* **What to produce**: Images are to be left out; everything else in the records gets copied exactly.

☆ ☆ ☆ ☆

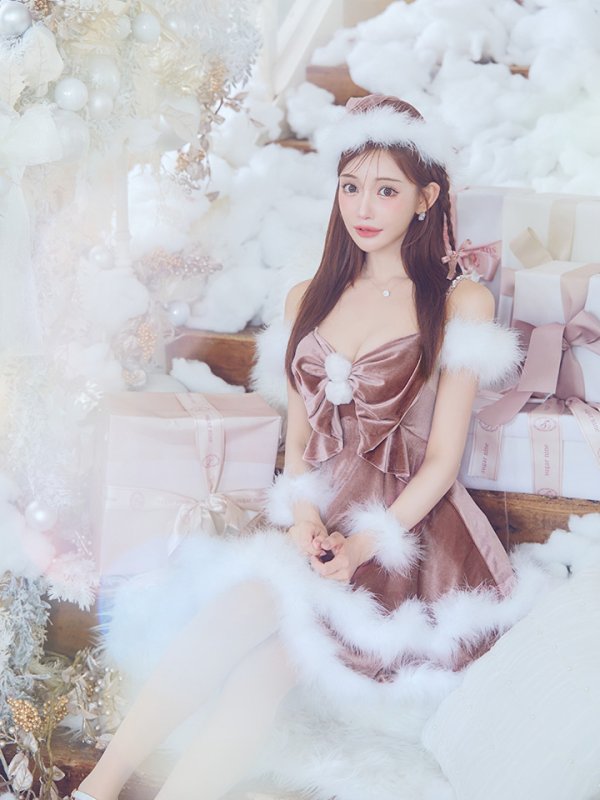 画像16: 【ノベルティ対象】【即日発送！】【サンタコス 4点セット】【XS-Lサイズ/4カラー】フロントビッグリボンオフショルフレアサンタ[YMT] (16)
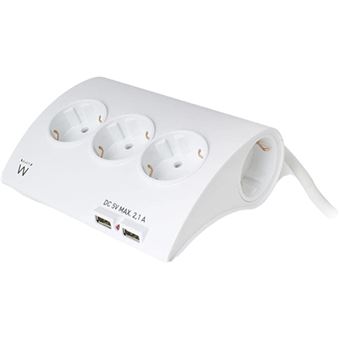 Tomada Ewent de 5 Saídas + 2 USB 2.1A - Branco - 1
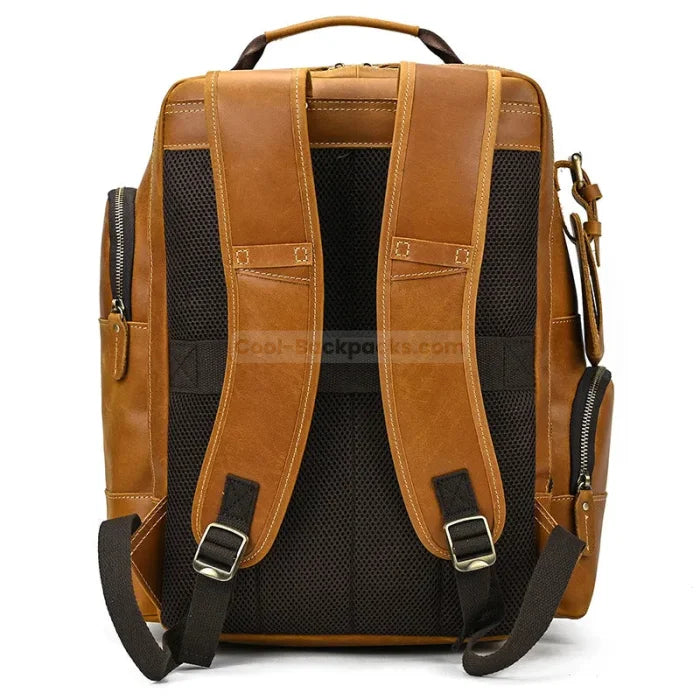 Leather Travel Backpack Mens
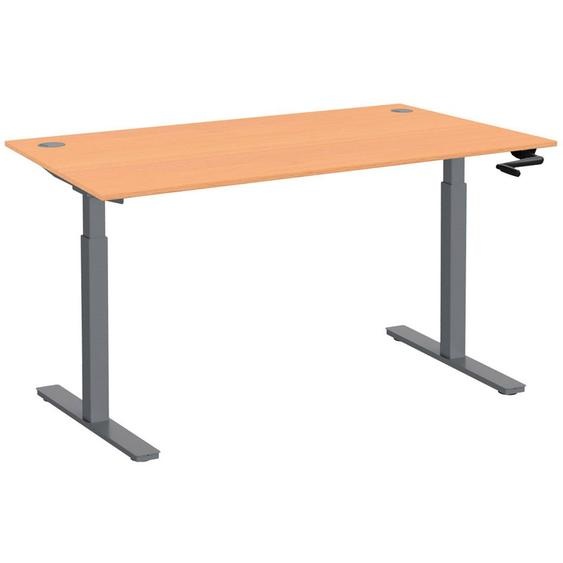 Bureau Assis-Debout Activo à Manivelle L.140 x P.80 cm - Plateau Hêtre avec obturateurs - Pieds métal Gris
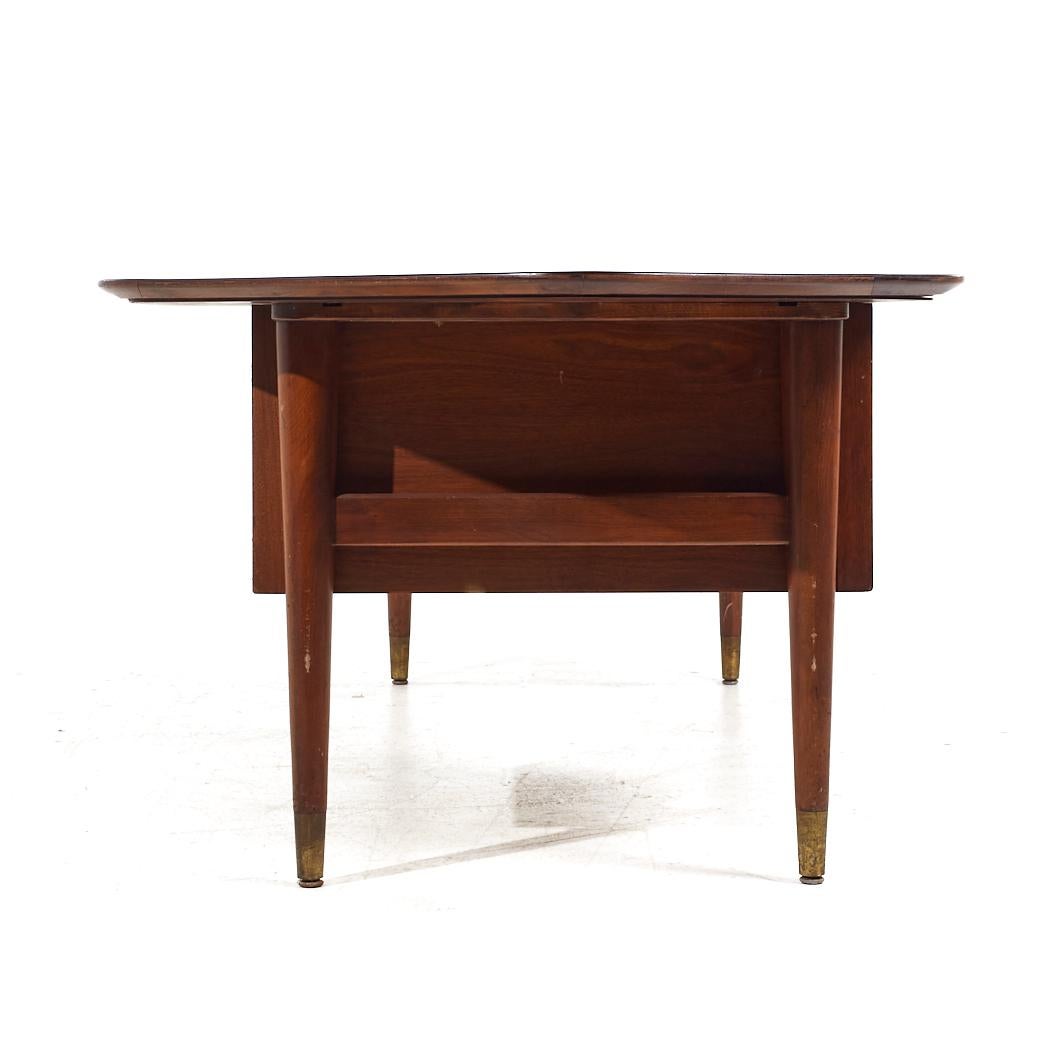 Mid-Century Modern Standard Furniture Mid Century Walnut Boomerang Executive Desk For Sale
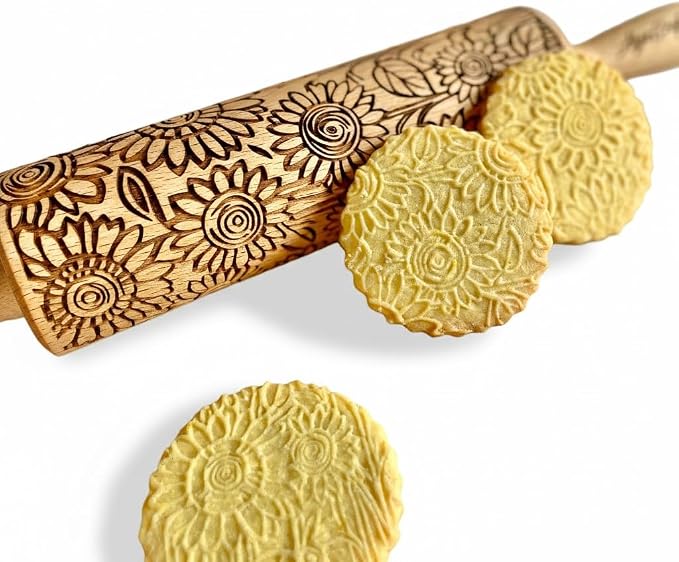SUNFLOWER FIELD Embossed Rolling Pin by ALGISCRAFTS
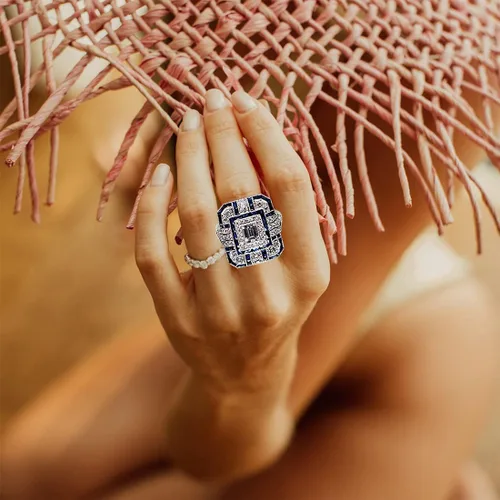 Vista 2 de Big Dainty - Anillo grueso de dedo completo con zrionias cúbicas completas, chapado en platino, grande, exagerado cóctel, fiesta, declaración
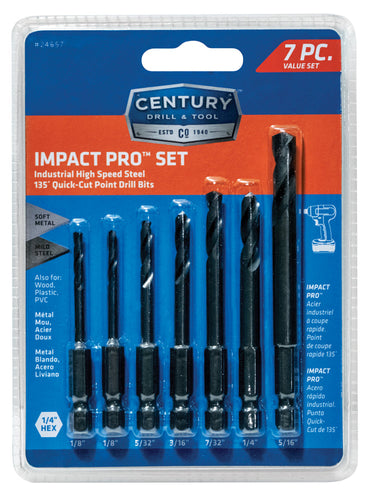 Century Drill And Tool 7 Piece Impact Pro Black Oxide Drill Bit Set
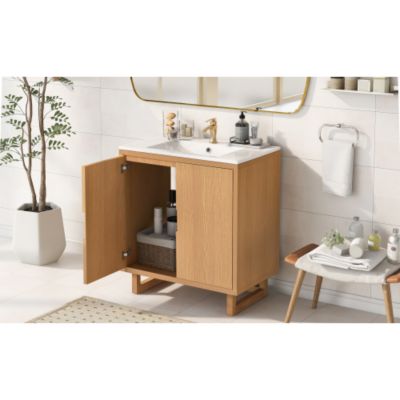 30.1inch Bathroom Vanity Set with Sink Solid Wood Frame Cabinet Soft Close Doors Large Storage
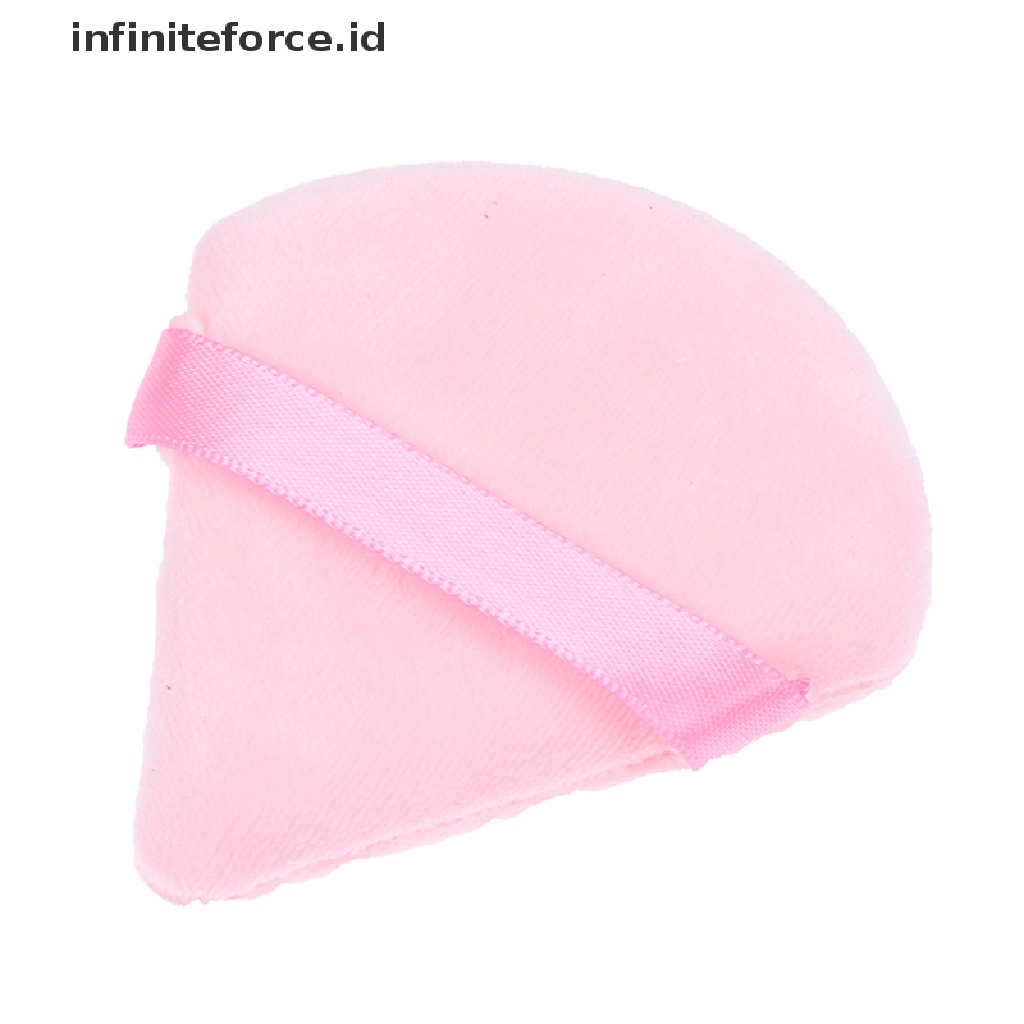 (infiniteforce.id) Spons Puff Mini Bentuk Segitiga Bahan Velvet Untuk MakeUp Foundation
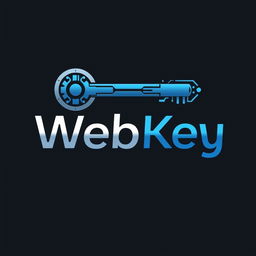 A modern and sleek logo design for a web key service, featuring a stylized key symbol integrated with digital elements like circuits or pixels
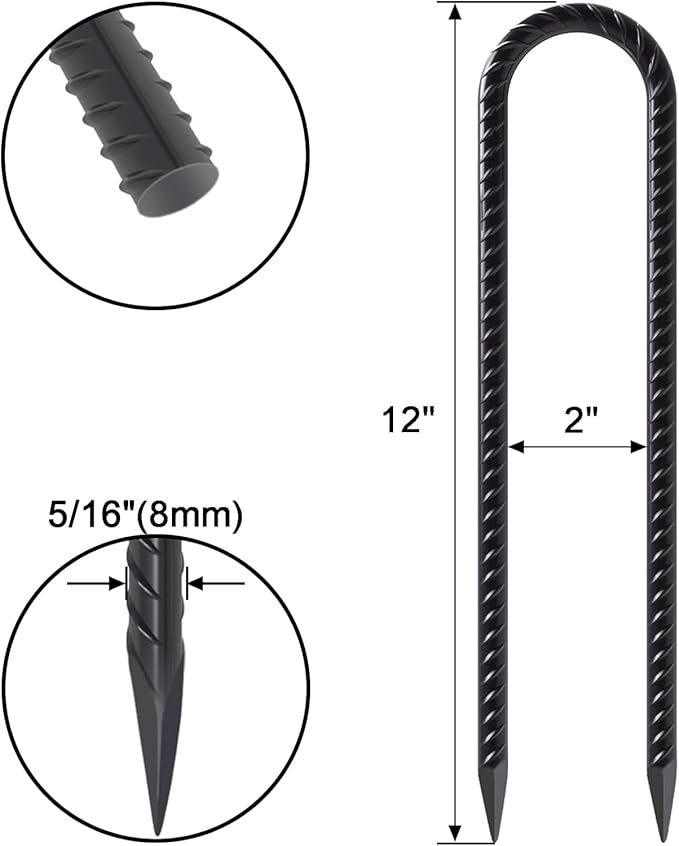 VVOKGO 12 Inches Trampoline Stakes Anchors High Wind Heavy Duty, 8pcs U Shaped Ground Rebar Metal Tent Galvanized Steel Stakes Tie Down Anchor Kit for Camping Tents, Soccer Net, Swing Set Black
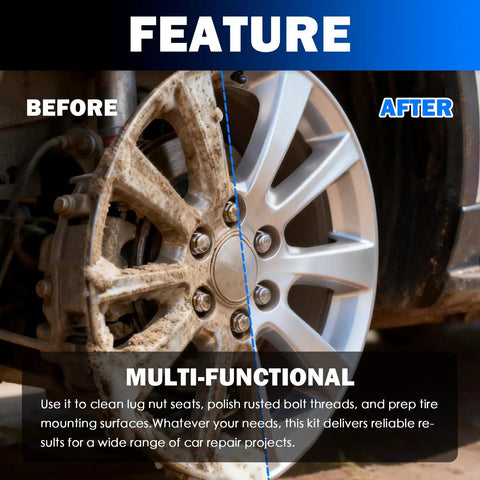 Before and after use of the Professional Wheel Hub Cleaning Tool Kit Featuring Steel Wire Brush Cups And Slim Pen Brushes.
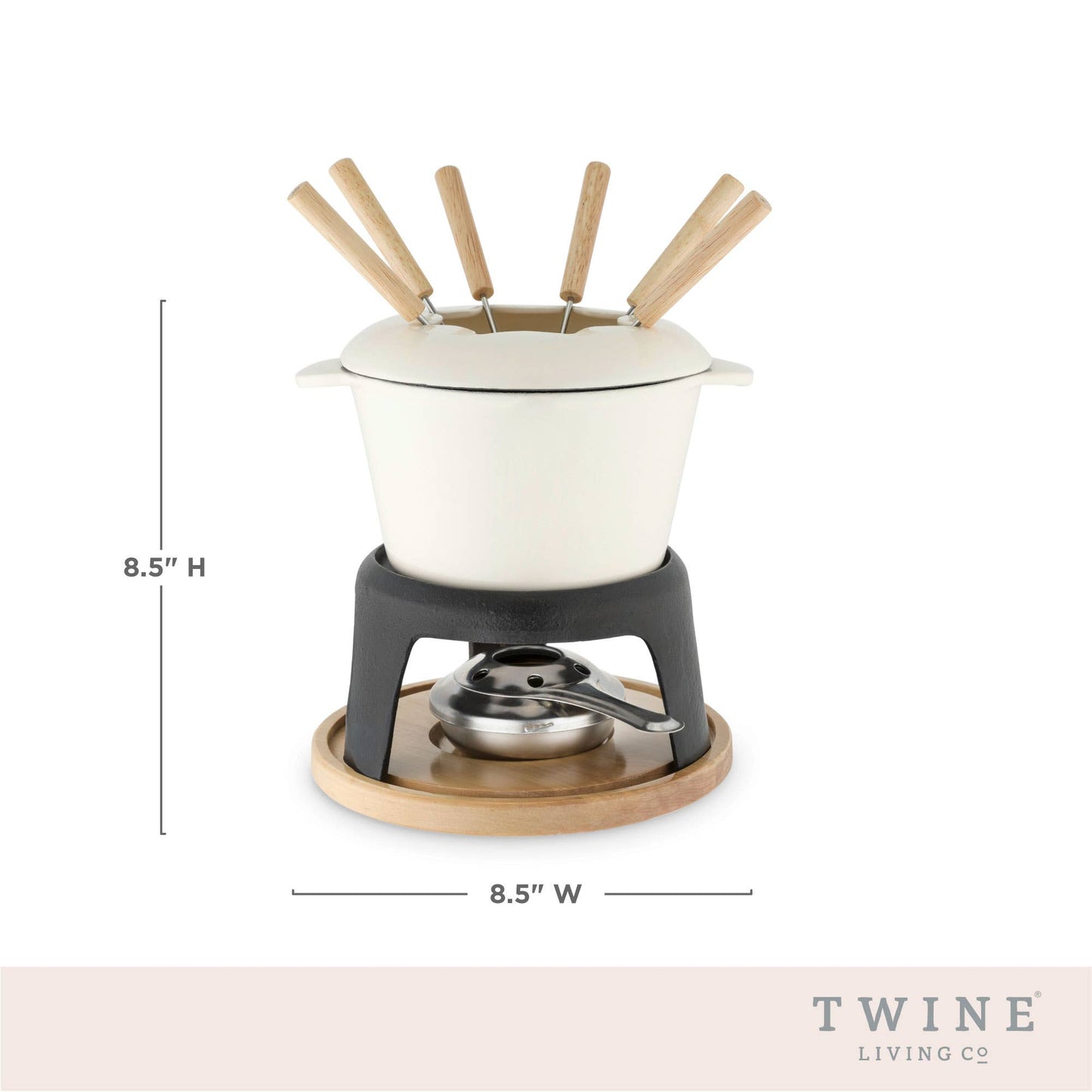 Enamel Coated-Finish Cast Iron Fondue Set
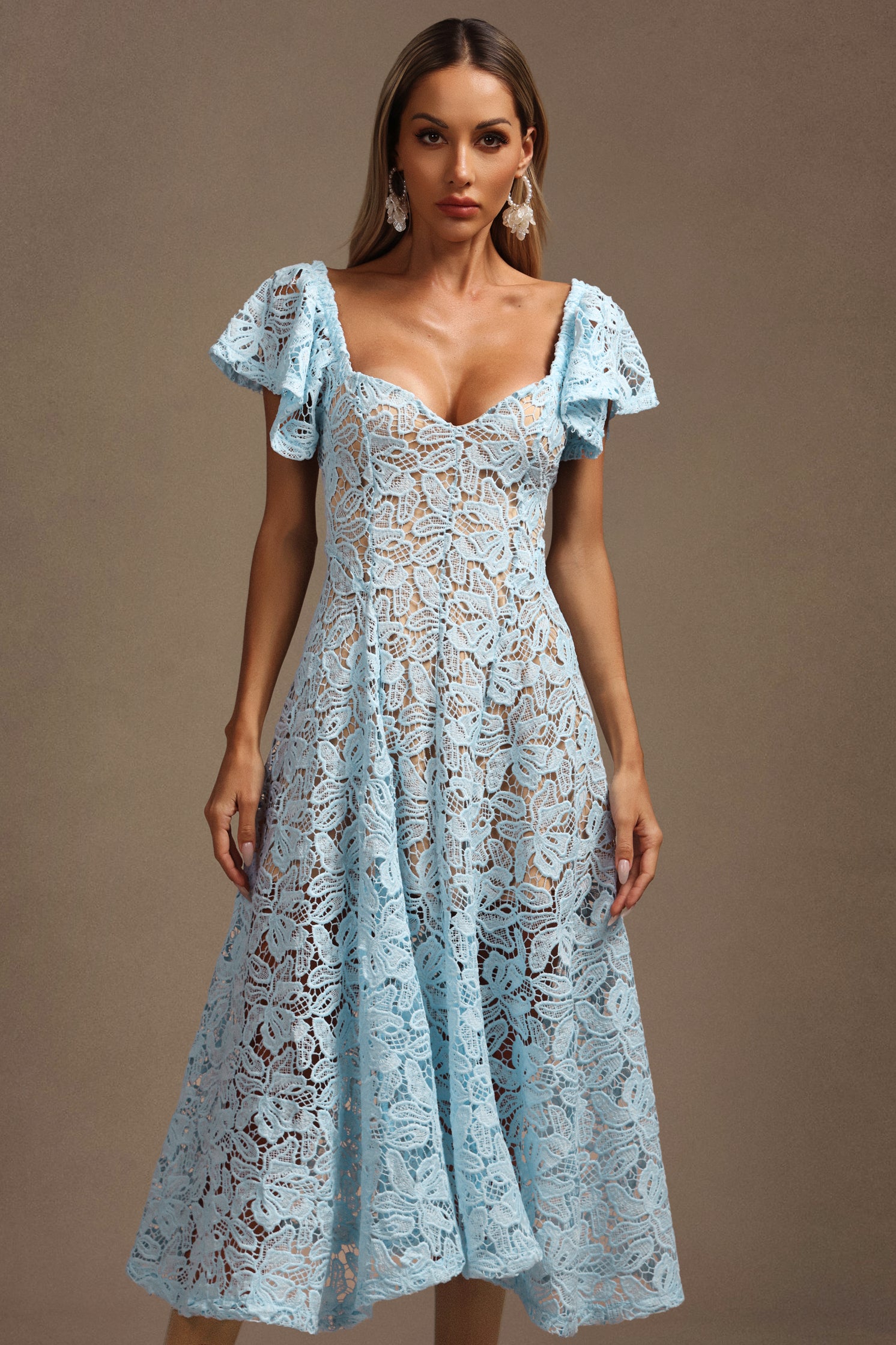 Kerenza Women's Short Sleeve Lace Midi Dress - Elegant Floral Summer Dress for Casual Outings & Special Occasions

☆ ☆ ☆ ☆

* **Problem solution**:
 画像16: 【ノベルティ対象】【即日発送！】【サンタコス 4点セット】【XS-Lサイズ/4カラー】フロントビッグリボンオフショルフレアサンタ[YMT] (16)
 Tomada Ewent de 5 Saídas + 2 USB 2.1A - Branco - 1
 Leather Travel Backpack Mens
 Bureau Assis-Debout Activo à Manivelle L.140 x P.80 cm - Plateau Hêtre avec obturateurs - Pieds métal Gris
 Mid-Century Modern Standard Furniture Mid Century Walnut Boomerang Executive Desk For Sale
SUNFLOWER FIELD Embossed Rolling Pin by ALGISCRAFTS
 Vista 2 de Big Dainty - Anillo grueso de dedo completo con zrionias cúbicas completas, chapado en platino, grande, exagerado cóctel, fiesta, declaración
 Century Drill And Tool 7 Piece Impact Pro Black Oxide Drill Bit Set
 30.1inch Bathroom Vanity Set with Sink Solid Wood Frame Cabinet Soft Close Doors Large Storage
 (infiniteforce.id) Spons Puff Mini Bentuk Segitiga Bahan Velvet Untuk MakeUp Foundation
 A modern and sleek logo design for a web key service, featuring a stylized key symbol integrated with digital elements like circuits or pixels
 VVOKGO 12 Inches Trampoline Stakes Anchors High Wind Heavy Duty, 8pcs U Shaped Ground Rebar Metal Tent Galvanized Steel Stakes Tie Down Anchor Kit for Camping Tents, Soccer Net, Swing Set Black
 Before and after use of the Professional Wheel Hub Cleaning Tool Kit Featuring Steel Wire Brush Cups And Slim Pen Brushes.
 Enamel Coated-Finish Cast Iron Fondue Set
 Kerenza Women's Short Sleeve Lace Midi Dress - Elegant Floral Summer Dress for Casual Outings & Special Occasions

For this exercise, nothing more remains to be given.